In 2016, startups witnessed a 44.3 per cent decline in investments at $1.452 billion from 928 deals compared with $2.606 billion from 1,026 deals in 2015, the analysis said. Investors continued to back startups till Q1 2016.
However, the value of investment dropped significantly across all quarters last year compared with 2015. Investors seem to be sitting on the sidelines, being selective in making investments and focusing more on realising investments. One of the KPMG-CB Insights report confirms the worst. Investments in Indian startups slumped from $2.89 billion in the third quarter of 2016 to $1.51 billion in the last quarter of 2015. The year 2016, saw a further fall in investments with around $1.15 billion invested in the first quarter, almost a 24% slump. The number of startup deals also fell 4% to 116 in the quarter.
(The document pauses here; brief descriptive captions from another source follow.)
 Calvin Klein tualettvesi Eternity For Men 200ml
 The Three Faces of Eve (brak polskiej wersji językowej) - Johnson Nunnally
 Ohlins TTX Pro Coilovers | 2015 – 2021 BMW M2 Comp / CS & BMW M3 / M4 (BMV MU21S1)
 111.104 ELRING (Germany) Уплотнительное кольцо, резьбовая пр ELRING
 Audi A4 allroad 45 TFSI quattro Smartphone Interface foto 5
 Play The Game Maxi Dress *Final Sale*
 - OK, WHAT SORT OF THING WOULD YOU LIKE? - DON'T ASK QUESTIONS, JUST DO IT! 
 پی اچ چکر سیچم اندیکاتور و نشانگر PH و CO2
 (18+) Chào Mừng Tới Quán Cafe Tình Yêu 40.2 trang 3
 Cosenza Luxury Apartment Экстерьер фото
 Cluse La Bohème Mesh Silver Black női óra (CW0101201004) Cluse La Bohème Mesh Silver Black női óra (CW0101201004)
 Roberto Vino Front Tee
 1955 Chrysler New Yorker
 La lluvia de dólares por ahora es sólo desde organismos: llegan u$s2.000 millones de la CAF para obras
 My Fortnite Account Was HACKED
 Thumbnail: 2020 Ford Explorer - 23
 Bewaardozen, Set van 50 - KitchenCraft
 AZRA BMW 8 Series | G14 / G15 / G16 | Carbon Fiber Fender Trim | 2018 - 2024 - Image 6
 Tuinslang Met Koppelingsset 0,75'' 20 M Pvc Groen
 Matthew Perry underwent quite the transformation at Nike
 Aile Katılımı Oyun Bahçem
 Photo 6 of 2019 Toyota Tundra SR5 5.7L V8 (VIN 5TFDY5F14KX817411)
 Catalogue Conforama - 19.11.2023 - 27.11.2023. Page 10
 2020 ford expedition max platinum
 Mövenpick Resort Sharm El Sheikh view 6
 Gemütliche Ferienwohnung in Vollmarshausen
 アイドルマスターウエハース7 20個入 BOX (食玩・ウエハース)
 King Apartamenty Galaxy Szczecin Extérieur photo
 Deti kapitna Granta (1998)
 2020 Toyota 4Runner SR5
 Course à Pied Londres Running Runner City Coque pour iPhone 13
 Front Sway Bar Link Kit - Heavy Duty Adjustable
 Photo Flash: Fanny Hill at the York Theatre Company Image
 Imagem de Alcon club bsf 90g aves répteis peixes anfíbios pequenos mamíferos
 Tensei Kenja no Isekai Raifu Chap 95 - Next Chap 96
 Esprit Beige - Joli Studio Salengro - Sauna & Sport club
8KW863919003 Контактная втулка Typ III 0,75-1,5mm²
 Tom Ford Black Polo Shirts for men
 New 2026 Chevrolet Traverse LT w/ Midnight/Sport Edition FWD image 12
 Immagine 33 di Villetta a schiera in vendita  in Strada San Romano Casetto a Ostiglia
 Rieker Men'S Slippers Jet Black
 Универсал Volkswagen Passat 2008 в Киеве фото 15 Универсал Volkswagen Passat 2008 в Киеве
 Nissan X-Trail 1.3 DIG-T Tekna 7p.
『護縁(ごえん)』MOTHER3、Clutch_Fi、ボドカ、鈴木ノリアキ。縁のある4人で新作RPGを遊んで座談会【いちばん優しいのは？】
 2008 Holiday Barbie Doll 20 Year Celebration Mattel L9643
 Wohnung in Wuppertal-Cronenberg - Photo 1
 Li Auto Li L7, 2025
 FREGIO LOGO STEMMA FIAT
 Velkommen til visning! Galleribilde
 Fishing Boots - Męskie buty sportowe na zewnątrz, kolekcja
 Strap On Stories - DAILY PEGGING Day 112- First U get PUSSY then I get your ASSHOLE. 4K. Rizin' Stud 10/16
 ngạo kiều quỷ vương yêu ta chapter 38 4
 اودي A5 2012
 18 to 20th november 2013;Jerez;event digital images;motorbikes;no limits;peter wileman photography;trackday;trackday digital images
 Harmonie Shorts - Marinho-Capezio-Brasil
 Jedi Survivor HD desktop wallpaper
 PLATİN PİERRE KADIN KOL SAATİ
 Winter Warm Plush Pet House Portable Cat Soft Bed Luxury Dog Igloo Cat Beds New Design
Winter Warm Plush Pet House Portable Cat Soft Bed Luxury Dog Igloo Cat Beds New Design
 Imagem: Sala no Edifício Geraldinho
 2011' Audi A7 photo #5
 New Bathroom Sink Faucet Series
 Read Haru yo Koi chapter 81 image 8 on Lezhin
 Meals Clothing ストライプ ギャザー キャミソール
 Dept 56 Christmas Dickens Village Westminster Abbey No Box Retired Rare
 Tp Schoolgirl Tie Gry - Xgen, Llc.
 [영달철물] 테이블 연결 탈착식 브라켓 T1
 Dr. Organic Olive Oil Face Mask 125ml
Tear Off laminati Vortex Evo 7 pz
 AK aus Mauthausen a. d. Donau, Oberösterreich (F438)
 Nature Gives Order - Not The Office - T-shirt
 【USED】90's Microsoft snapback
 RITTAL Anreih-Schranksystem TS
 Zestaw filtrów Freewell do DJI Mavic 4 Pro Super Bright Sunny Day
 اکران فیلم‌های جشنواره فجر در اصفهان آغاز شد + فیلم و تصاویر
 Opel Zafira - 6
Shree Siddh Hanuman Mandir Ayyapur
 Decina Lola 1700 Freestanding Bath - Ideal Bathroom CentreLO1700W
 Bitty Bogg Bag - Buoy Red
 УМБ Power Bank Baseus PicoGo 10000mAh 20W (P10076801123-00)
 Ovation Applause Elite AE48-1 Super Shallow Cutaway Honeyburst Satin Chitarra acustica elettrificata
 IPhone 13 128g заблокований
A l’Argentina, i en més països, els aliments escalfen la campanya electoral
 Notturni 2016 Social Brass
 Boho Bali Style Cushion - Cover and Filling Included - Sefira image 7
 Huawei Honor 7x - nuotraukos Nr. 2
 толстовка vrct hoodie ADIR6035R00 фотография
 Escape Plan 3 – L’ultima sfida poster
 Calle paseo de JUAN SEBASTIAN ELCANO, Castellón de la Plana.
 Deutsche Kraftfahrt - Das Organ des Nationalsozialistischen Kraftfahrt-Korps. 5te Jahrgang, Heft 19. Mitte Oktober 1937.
Given the fact that both the volume and value of deals continued to slip across the earlystage spectrum, the trend clearly suggested that investors had started writing smaller cheques. Hence, clearly raising capital was not at all easy last year.
Bengaluru leads with the most tech startups, followed by Delhi NCR and Mumbai. With Hyderabad and Chennai also emerging as leading hotbeds for tech entrepreneurs, investors are finding more than enough reasons to fund paradigm-changing technology. The data said, startups in Maharashtra collectively scooped up $285 million (1,910 crore) as against $496 million (3,300 crore) in 2015; a drop of about 42% in terms of deal value. As the startups grow, they move to cities like Bengaluru which have cheaper talent in tech space. For instance Ola and Quikr originated in Mumbai but moved to Bengaluru when they needed to expand and hire more people. Cities like Bengaluru, Hyderabad and Pune are technically cheaper cities with easy access to talent.
Investors are putting money where the unit economics is strong and the growth isn’t being hampered. There has been a worrying trend among India startups to believe that going through a long period of heavy losses is satisfactory, even desirable, to achieve growth.
However, angel investment in tech-backed firms is on a rebound, even as VCs are being cautious. The cautiousness of VCs has, in fact, opened up space for smaller investors who may have not shown interest earlier. The government of India initiatives, such as ‘Start up India’, ‘Make in India’ and ‘Digital India’, has also been incredibly proactive in boosting investment for tech startups.
It is not surprising that alarm bells are ringing for entrepreneurship enthusiasts across the country. However, we can certainly look forward to the effect of initiatives being introduced by the central and state governments to not only foster entrepreneurship in the country, but to make investments into newer ventures more convincing for potential investors.